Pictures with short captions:
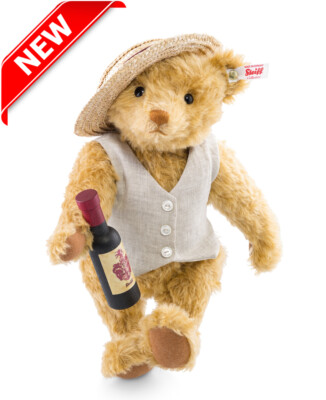 Steiff Picnic Papa Teddy Bear EAN 021473 UK - Main Image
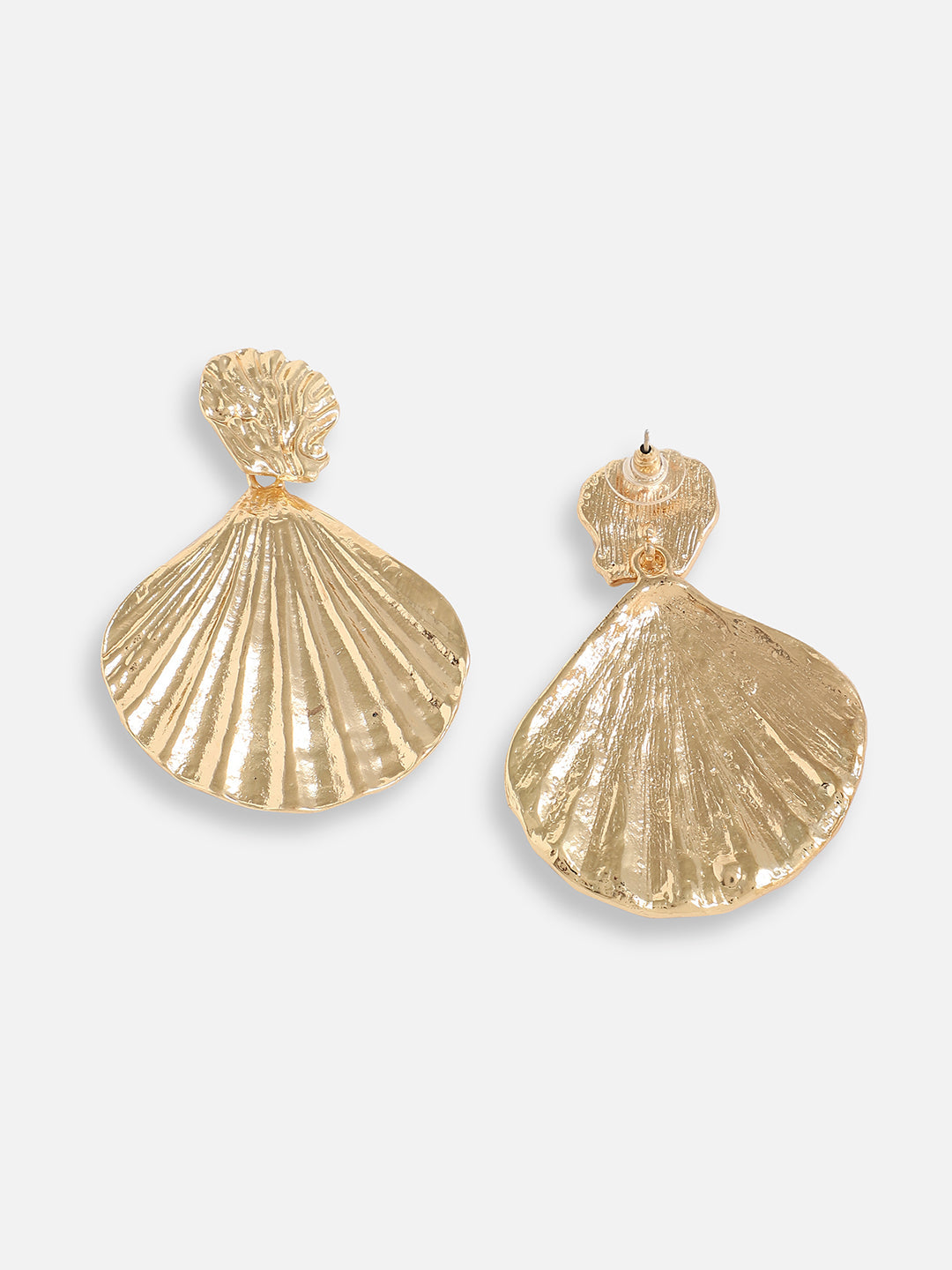 Gold Plated Designer Casual Drop Earring For Women
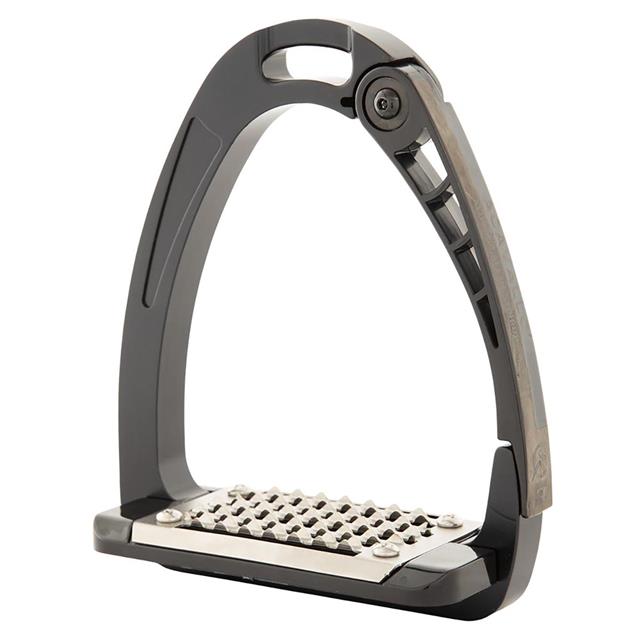 Sicherheitssteigbügel Arena AluPRO Junior Acavallo Black-Black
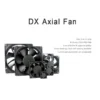 Inverter Cooling Axial Fan, 100-200mm, 5V/12V/24V, Brushless - view 4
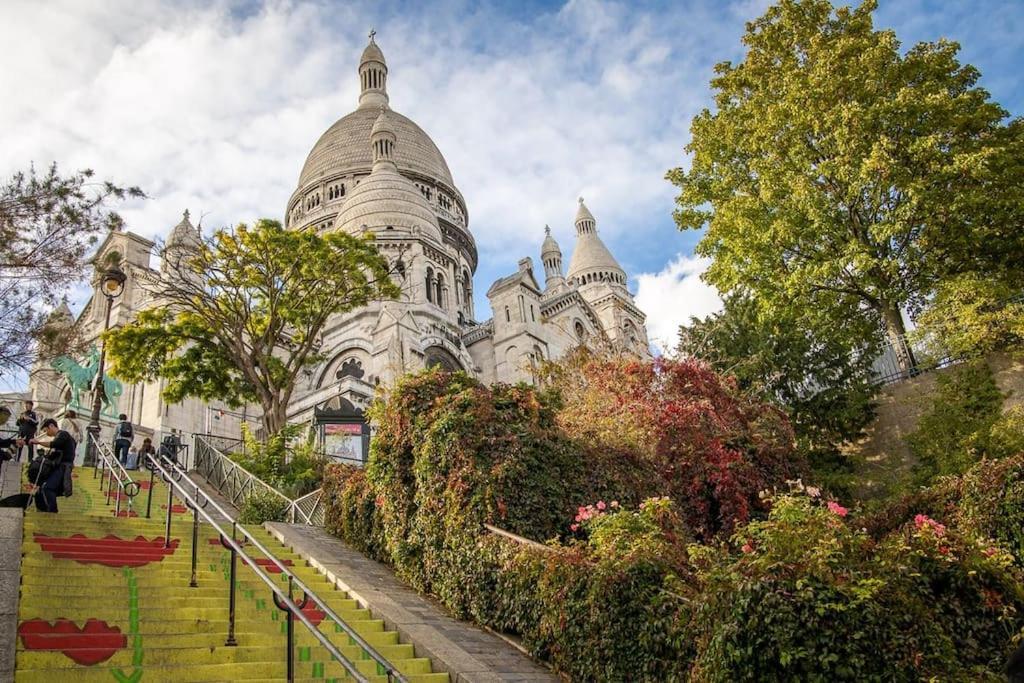 Elegance Et Charme Aux Portes De Paris Сент-Уен Екстериор снимка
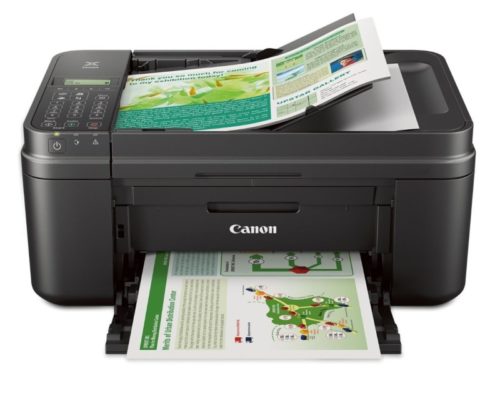 10. Canon PIXMA MX490 Wireless Office All-in-One Printer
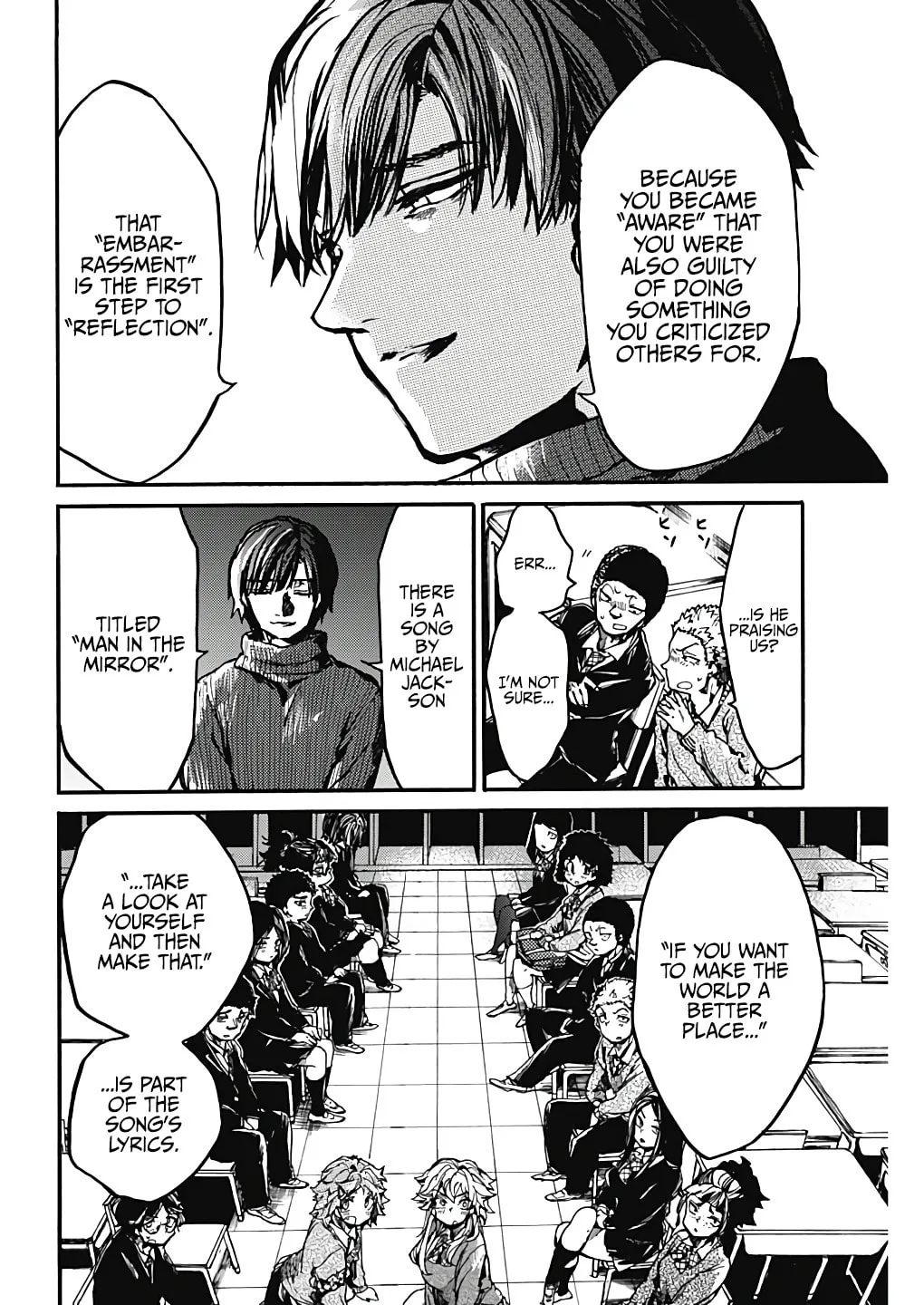 Read From Now On We Begin Ethics. chapter 17 image 36 on Lezhin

**What needs to be done**
Write out the data above exactly as it appears, but without any image.

**Reply**
 Steiff Picnic Papa Teddy Bear EAN 021473 UK - Main Image
 Gold Plated Designer Casual Drop Earring For Women
 Sicherheitssteigbügel Arena AluPRO Junior Acavallo Black-Black
 Inverter Cooling Axial Fan, 100-200mm, 5V/12V/24V, Brushless - view 4
 Elegance Et Charme Aux Portes De Paris Сент-Уен Екстериор снимка
 10. Canon PIXMA MX490 Wireless Office All-in-One Printer
 Read From Now On We Begin Ethics. chapter 17 image 36 on Lezhin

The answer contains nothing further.